RE: reviewing draft-weber-iri-guidelines-00 from Phillips, Addison on 2011-07-06 (public-iri@w3.org from July 2011)

From: Phillips, Addison <addison@lab126.com>
Date: Wed, 6 Jul 2011 07:46:20 -0700
To: Chris Weber <chris@lookout.net>, "public-iri@w3.org" <public-iri@w3.org>
Message-ID: <131F80DEA635F044946897AFDA9AC3476A94126E82@EX-SEA31-D.ant.amazon.com>

>   For parsing and interpreting the IRI MUST NOT be normalized, but for
> equivalence testing NFC MUST be used but only in the exception cases like a
> conversion from non-UCS to UCS...  However, it does go on to suggest that
> when IRIs are created they should be normalized with NFC or NFKC.  Do you
> agree with that?

There may be application specific cases in which KC is useful, but I don't think the IRI document should recommend NFKC for general purpose use in an IRI. Too few developers understand the distinction.

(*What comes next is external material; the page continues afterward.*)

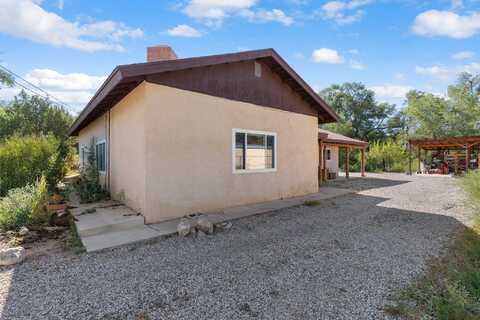 2016 LOUISE Avenue SW, Albuquerque, NM 87105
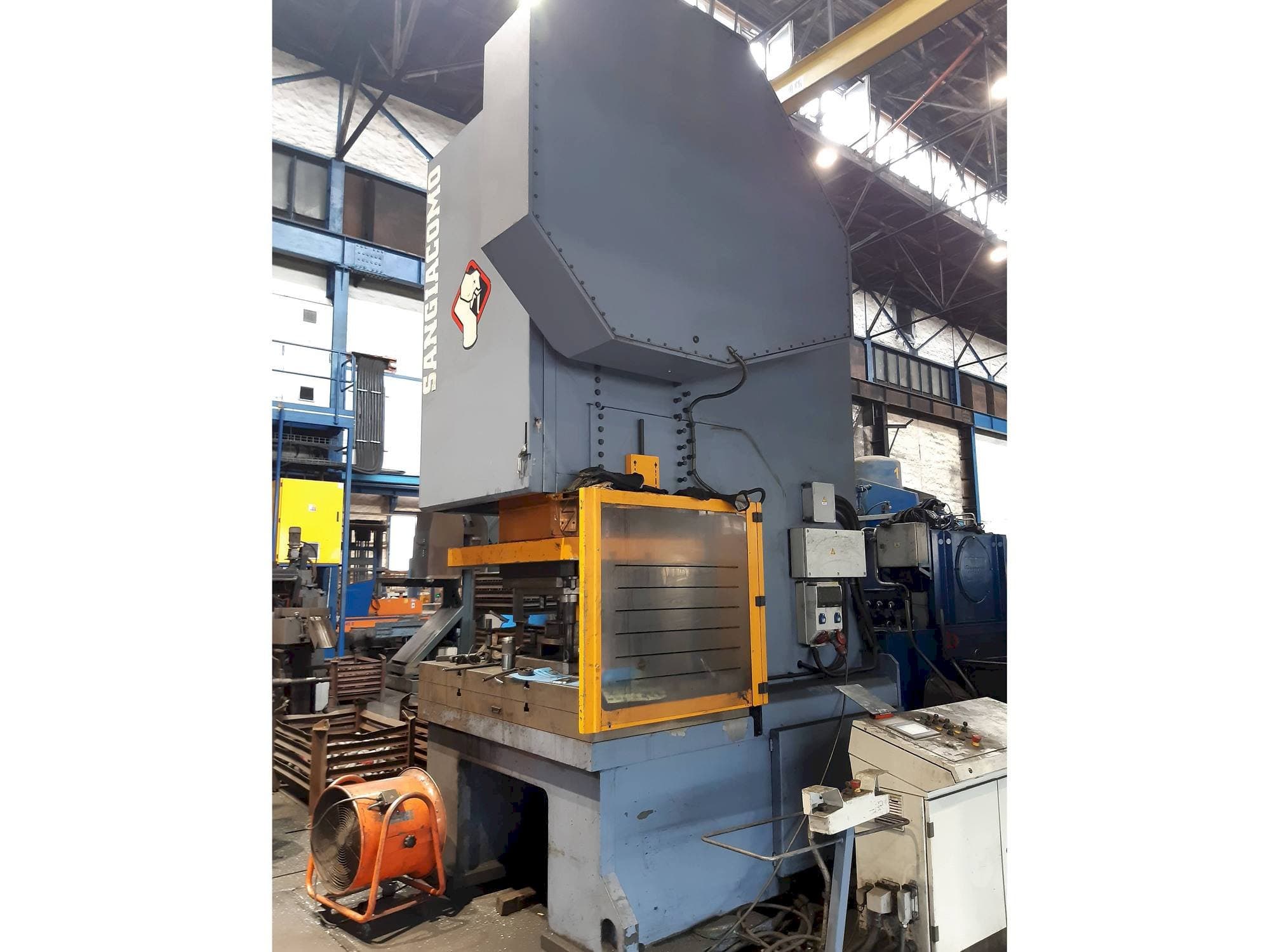 Vista Frontal  da Sangiacomo T.450 RCE  máquina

I *do* agree with the recommendation that IRI "authors" create IRIs in NFC. Doing so eliminates problems that users might otherwise encounter by ensuring a consistent representation. It's important that, if IRI processing does not include a normalization step, users be aware of how to avoid problems that diverse-but-canonically-equivalent Unicode code point sequences create.

> 
> > Also:
> >
> >     4.  Replace each entity references with its corresponding character.
> >
> >
> > This can't be done until /after/ the fields of an IRI are parsed out.
> > Example: in a path, you don't want an escaped / or # or ? to be
> > transformed until after you've parsed out the path.
> >
> 
> Ah of course, that would be a big problem :)
> 
See my previous comment, though. You have to unescape the string if you're going to normalize it, since the escaped characters could affect the strings normalization state. Again, I would suggest (if you don't remove the normalization) that the unescaping be limited to iunreserved, which avoids this problem.

Addison

Received on Wednesday, 6 July 2011 14:46:45 UTC